Por falar em loteamentos, o doutor Alckmin poderia dar uma olhada no massacre que sua burocracia impõe à regularização de lotes urbanos em Diadema (356 mil almas). A prefeitura petista da cidade informa que, nos últimos três anos, de 27 pedidos para regularizar antigos loteamentos ocupados por trabalhadores de baixa renda, só 2 foram deferidos. De cada dois domicílios de Diadema, um não tem documentação.

Papai Noel existe

A ekipekonômica não é mais a mesma. O secretário do Tesouro, Joaquim Levy, anunciou que o governo planeja o Orçamento de olho numa mudança da contabilidade do FMI. Alguns investimentos de infra-estrutura que hoje o fundo considera como dívidas passariam a ser o que sempre foram: investimentos. A mudança pode render uma folga de US$ 1,4 bilhão.
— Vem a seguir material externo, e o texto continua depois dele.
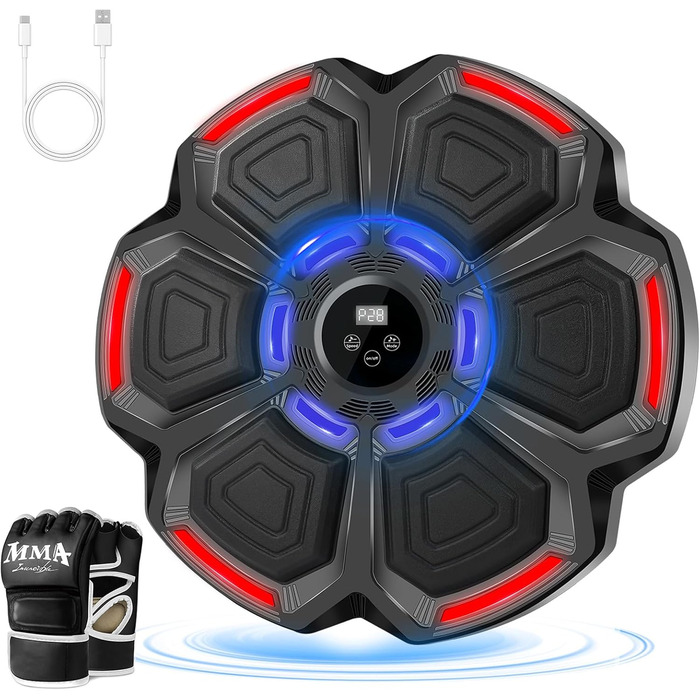 Музична боксерська машина JUOIFIP для дітей та дорослих, Bluetooth бокс-автомат з рукавичками, електронна боксерська машина для дому, фітнес-тренування в приміщенні (Стиль 2)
Logo o doutor Levy, que há pouco mais de um ano classificava esse assunto como um "não debate", coisa de tapuias que acreditam em Papai Noel.
Se a ekipenômica tivesse começado a apertar o FMI durante o tucanato, é possível que a mudança já tivesse acontecido.
Uma coisa é certa: se a inquietação de Lula não tivesse mostrado o maçarico aos çábios, é provável que o doutor Levy continuasse a achar que estava diante de um "não debate".